Na minha dissertação de mestrado sobre “As Classes Sociais no Brasil – Primeira parte: os proprietários” eu buscava sintetizar a riqueza do debate que a intelectualidade brasileira encaminhava apaixonadamente, encharcada pela ação revolucionária das forças sociais que emergiam na história do país com uma energia desconhecida. Esta dissertação serviu de base para a elaboração do meu primeiro livro em prosa: Quem são os Inimigos do Povo, 6° volume dos Cadernos do Povo Brasileiro que Álvaro Vieira Pinto dirigia para a Editora Civilização Brasileira. Neste livro de divulgação eu afirmava os limites da nossa classe dominante e a necessidade de uma clara opção intelectual e vital pelo ponto de vista dos trabalhadores como agentes privilegiados das transformações revolucionárias que o pais necessitava.
Contudo, triunfou naquele momento o lado da contra revolução. O golpe de 1964 deteve brutalmente a ascensão daquele poderoso movimento libertário. Os sindicatos foram ocupados por interventores, as ligas camponesas brutalmente reprimidas, os intelectuais progressistas presos, a imprensa e atividades artísticas imediatamente censuradas, os políticos associados ao governo Goulart cassados ou presos. A Universidade de Brasília foi invadida e intervinda.
Tive tempo de esconder-me com minha mulher Vânia Bambirra, grávida da nossa filha, Nádia, nascida na clandestinidade depois que nos estabelecemos com segurança reforçada em São Paulo. Nestes dois anos de clandestinidade me dediquei sobretudo a reestruturar a POLOP, a apoiar a organização clandestina dos trabalhadores nos Comitês de Fábrica e a mobilização de um movimento estudantil que mantinha sua estrutura organizativa apesar da sua dissolução oficial.

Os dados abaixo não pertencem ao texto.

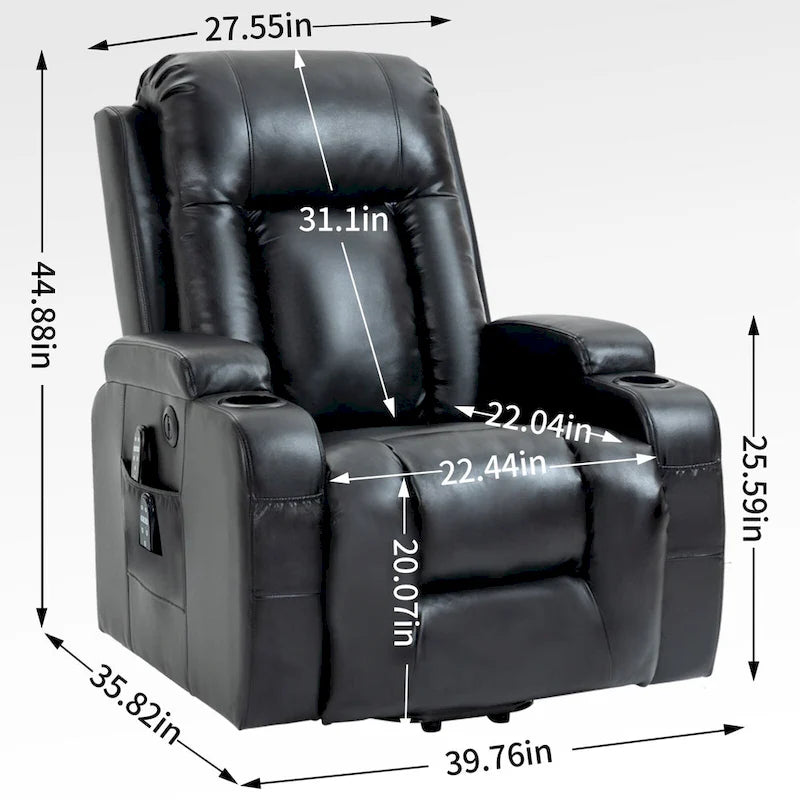 Heavy Duty Power Lift Recliner Chair for Elderly with Massage and Lumbar Heating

Estava no centro da discussão o caminho da resistência à ditadura. Na direção da POLOP nos dedicamos a terminar um documento que teve bastante repercussão nos meios de esquerda: O Programa Socialista para o Brasil onde apontávamos a necessidade mais que nunca de reforçar a organização independente da classe trabalhadora, a formação de uma frente dos trabalhadores da cidade e do campo e afirmação do papel dos trabalhadores na condução da luta democrática.
O caminho do exílio se fez necessário quando o tribunal de exceção de Juiz de Fora me condenou a 15 anos de prisão como “mentor intelectual da penetração subversiva no campo”. Exilei-me no Chile Democrata Cristão onde encontrei um ambiente democrático extremamente avançado e uma energia social de massas ainda maior da que tinha conhecido no Brasil. Posso afirmar que nesta época estava formado o intelectual e o revolucionário de fortes convicções democráticas e socialistas.

Os anos de estudo da filosofia e da história embebidos na leitura dos filósofos clássicos e sobretudo modernos que iniciara já na escola secundária; os anos de estudo da história nas fontes mais diversas; os anos de estudo sistemático de Marx e Engels e das várias correntes do marxismo pouco conhecidas no Brasil; o meu apaixonado estudo da realidade brasileira através dos seus principais intérpretes que devorei desde a pré-adolescência; as longas noites de discussão sobre a literatura, as artes e a criação estética com meus amigos da geração complemento; o debate sobre as Ciencias Sociais e a teoria do desenvolvimento dentro da FACE-UMG e da UnB, em cuja pós graduação tivemos um curso inteiro organizado pela CEPAL e um belo curso de Civilização Brasileira proferido por Nelson Werneck Sodré; depois de toda esta experiência intelectual e política vivida com tremenda intensidade encontramos a realidade latino americana em Santiago do Chile.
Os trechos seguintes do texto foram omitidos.